Acupuncture could relieve such specific pain in PD patients through modulating regions related to the pain matrix in brain, especially correlated with primary somatosensory cortex and middle temporal pole. This could be an effective and safe analgesic tool that would relieve patients’ suffering.

Acknowledgements

No acknowledgement found.

References

1. Goetz CG, Tilley BC, Shaftman SR, et al. Movement Disorder Society-sponsored revision of the Unified Parkinson's Disease Rating Scale (MDS-UPDRS): scale presentation and clinimetric testing results. Mov Disord 2008;23(15):2129-2170.

2. Skogar O, Lokk J. Pain management in patients with Parkinson's disease: challenges and solutions. J Multidiscip Healthc 2016;9:469-479.

3. Vickers AJ, Vertosick EA, Lewith G, et al. Acupuncture for Chronic Pain: Update of an Individual Patient Data Meta-Analysis. J Pain 2018;19(5):455-474.

4. White A, Foster NE, Cummings M, Barlas P. Acupuncture treatment for chronic knee pain: a systematic review. Rheumatology (Oxford) 2007;46(3):384-390.

5. Hughes AJ, Daniel SE, Kilford L, Lees AJ. Accuracy of clinical diagnosis of idiopathic Parkinson's disease: a clinico-pathological study of 100 cases. J Neurol Neurosurg Psychiatry 1992;55(3):181-184.

6. Chao-Gan Y, Yu-Feng Z. DPARSF: A MATLAB Toolbox for "Pipeline" Data Analysis of Resting-State fMRI. Front Syst Neurosci 2010;4:13.

7. Legrain V, Iannetti GD, Plaghki L, Mouraux A. The pain matrix reloaded: a salience detection system for the body. Prog Neurobiol 2011;93(1):111-124.

8. Antal A, Temme J, Nitsche MA, Varga ET, Lang N, Paulus W. Altered motion perception in migraineurs: evidence for interictal cortical hyperexcitability. Cephalalgia 2005;25(10):788-794.

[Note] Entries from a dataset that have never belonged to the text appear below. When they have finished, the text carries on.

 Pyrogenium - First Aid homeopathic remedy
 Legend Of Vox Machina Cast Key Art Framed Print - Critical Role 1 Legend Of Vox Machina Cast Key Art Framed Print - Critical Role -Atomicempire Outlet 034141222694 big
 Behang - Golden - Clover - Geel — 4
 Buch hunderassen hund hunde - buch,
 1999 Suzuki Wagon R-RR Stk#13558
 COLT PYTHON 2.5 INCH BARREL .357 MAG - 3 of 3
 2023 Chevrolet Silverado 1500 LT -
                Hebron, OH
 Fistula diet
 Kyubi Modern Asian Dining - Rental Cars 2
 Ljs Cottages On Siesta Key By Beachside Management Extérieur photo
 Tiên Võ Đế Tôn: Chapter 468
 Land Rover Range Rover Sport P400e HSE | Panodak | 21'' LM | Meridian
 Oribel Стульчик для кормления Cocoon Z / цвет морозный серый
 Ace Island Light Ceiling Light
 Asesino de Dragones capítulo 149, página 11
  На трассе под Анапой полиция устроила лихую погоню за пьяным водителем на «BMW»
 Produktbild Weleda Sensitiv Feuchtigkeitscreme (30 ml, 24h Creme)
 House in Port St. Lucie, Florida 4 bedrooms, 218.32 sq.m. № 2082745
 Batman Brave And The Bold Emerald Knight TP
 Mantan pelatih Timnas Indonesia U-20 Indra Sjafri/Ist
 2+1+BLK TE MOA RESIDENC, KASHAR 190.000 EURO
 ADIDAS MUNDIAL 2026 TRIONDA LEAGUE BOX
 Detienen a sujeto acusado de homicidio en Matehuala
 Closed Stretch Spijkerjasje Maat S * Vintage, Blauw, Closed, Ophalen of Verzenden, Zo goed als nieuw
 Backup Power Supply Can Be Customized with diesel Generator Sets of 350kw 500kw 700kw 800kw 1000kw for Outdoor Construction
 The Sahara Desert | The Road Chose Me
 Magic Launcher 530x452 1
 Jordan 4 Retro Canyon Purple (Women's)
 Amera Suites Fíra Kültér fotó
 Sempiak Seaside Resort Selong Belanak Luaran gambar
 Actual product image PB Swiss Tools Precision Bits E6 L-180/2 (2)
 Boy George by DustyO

9. Kim W, Kim SK, Nabekura J. Functional and structural plasticity in the primary somatosensory cortex associated with chronic pain. J Neurochem 2017;141(4):499-506.

Figures

Figure 1. The brain connectivity with significant changes between two visits in the acupuncture group, compared to the control group. The involved connectivity included the connections between the middle temporal pole and precentral area on the left; postcentral and precentral on the right; supramarginal gyrus and precentral on the right, and middle temporal and insula gyrus on the right.

Figure 2. The correlation with reduction of KPPS and changes of functional connectivity between postcentral gyrus and middle temporal pole on the left side.